*Requirement:* Taking only the lines of the data below from the line with "Men's New Era" to the line with "Fluffy Long Haired", ends included, write them out exactly and without pictures.

*Source records:*
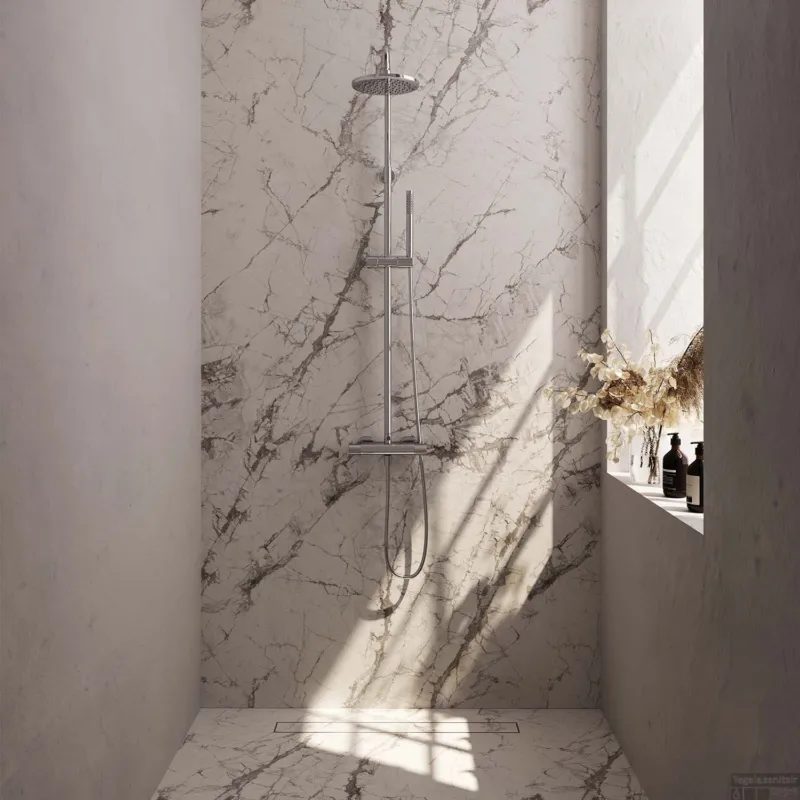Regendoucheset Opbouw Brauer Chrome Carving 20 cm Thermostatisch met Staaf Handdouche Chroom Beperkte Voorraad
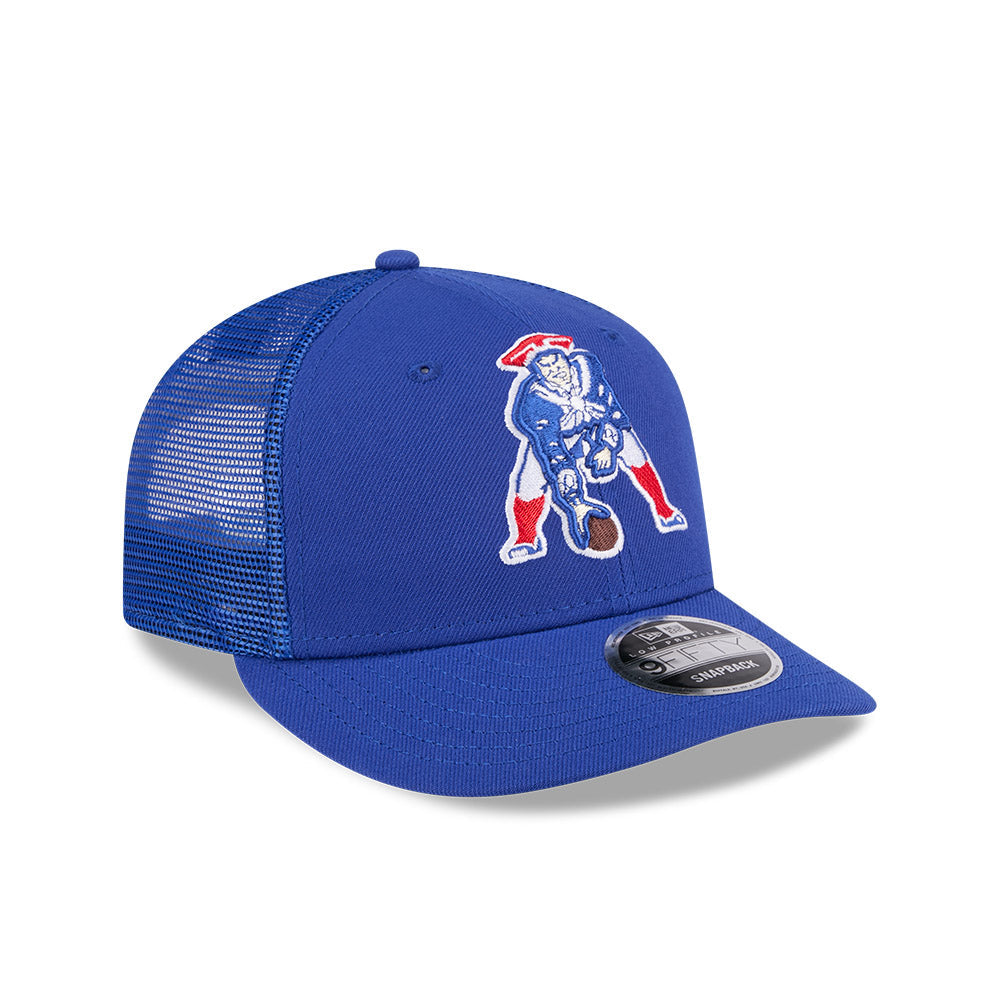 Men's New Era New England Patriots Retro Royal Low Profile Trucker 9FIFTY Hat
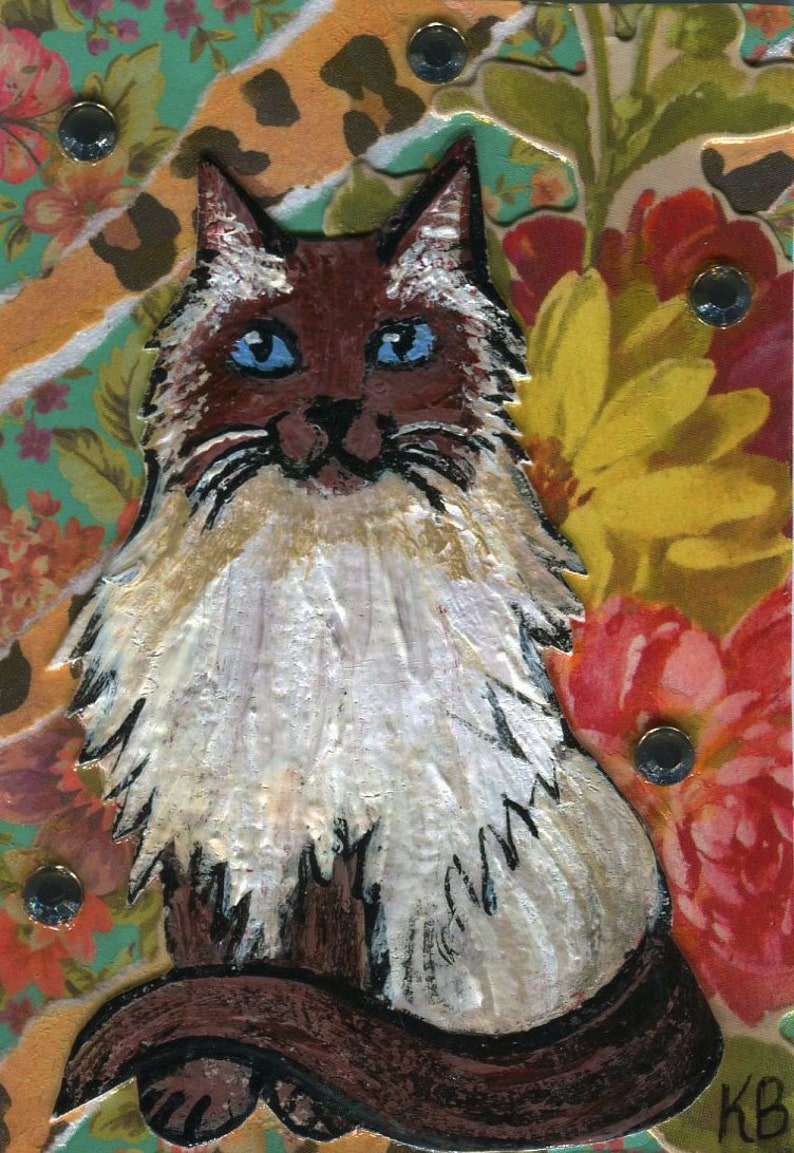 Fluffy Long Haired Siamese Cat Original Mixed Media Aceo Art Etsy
==
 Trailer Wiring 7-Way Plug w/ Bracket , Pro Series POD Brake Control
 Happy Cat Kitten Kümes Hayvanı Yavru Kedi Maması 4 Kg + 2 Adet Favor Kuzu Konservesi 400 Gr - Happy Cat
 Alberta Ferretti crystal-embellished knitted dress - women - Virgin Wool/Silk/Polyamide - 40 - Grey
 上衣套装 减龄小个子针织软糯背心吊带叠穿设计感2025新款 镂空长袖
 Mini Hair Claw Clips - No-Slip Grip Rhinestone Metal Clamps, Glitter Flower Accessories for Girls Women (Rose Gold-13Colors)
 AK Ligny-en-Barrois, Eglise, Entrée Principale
---
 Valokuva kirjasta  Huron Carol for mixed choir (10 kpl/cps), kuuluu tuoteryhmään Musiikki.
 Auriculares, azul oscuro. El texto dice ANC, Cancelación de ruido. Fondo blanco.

*Exercise answer:*
 Men's New Era New England Patriots Retro Royal Low Profile Trucker 9FIFTY Hat
 Fluffy Long Haired Siamese Cat Original Mixed Media Aceo Art Etsy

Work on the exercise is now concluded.